Assigned task: Could you repeat exactly the lines from the one containing "Llavero Festival Make" through the last line of the records, with no pictures?

Data section:
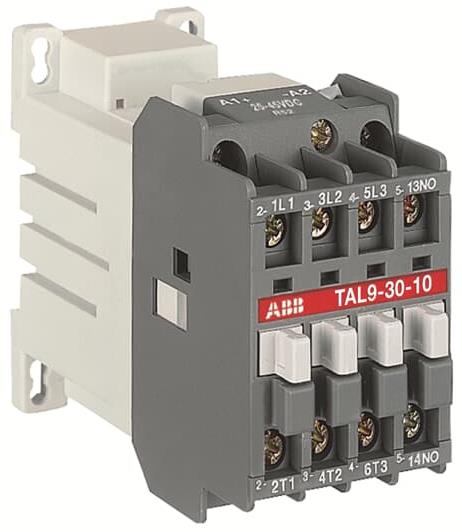 Контактор TAL9-30-10 3P 4kW (9A AC-3) 1NO 17...32V DC ABB, 1SBL143061R5110
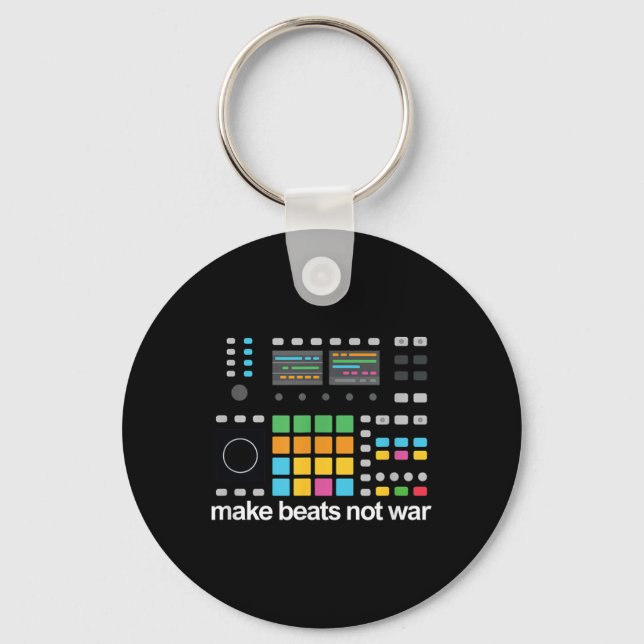 Llavero Festival Make Beats Not War Drum Machine Ravers (Anverso)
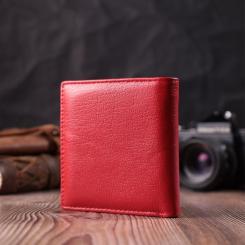 Кошелек ST Leather З натуральної шкіри Червоний Фото 8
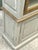 Vintage Distressed Wood and Glass Tall Cabinet For Sale - Image 9 of 14
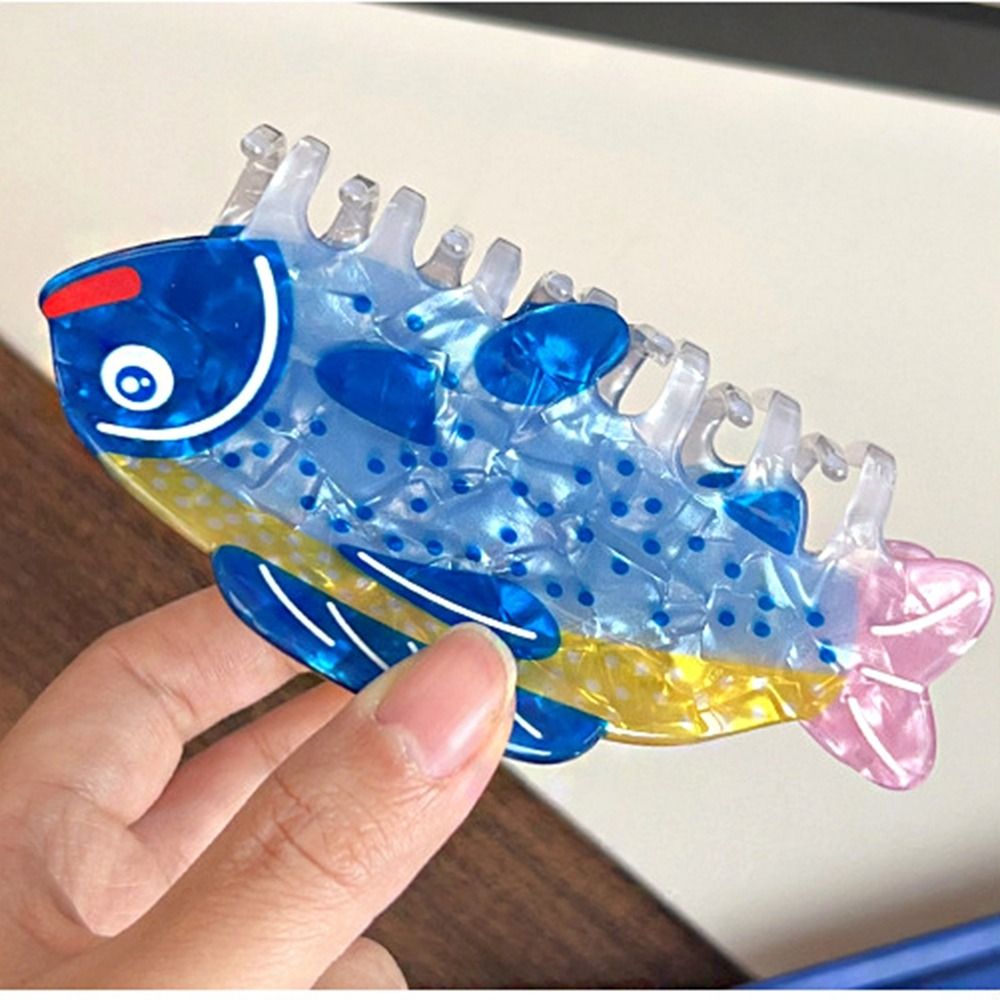 ヘアピン 海の動物 ヘアクリップ 金魚 PVC 海洋生物 魚 - Korean Lifestyle & Kids Boutique Photos のレビューと価格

Result below:
 Llavero Festival Make Beats Not War Drum Machine Ravers (Anverso)
 Кошелек ST Leather З натуральної шкіри Червоний Фото 8
 Vintage Distressed Wood and Glass Tall Cabinet For Sale - Image 9 of 14
 ヘアピン 海の動物 ヘアクリップ 金魚 PVC 海洋生物 魚 - Korean Lifestyle & Kids Boutique Photos のレビューと価格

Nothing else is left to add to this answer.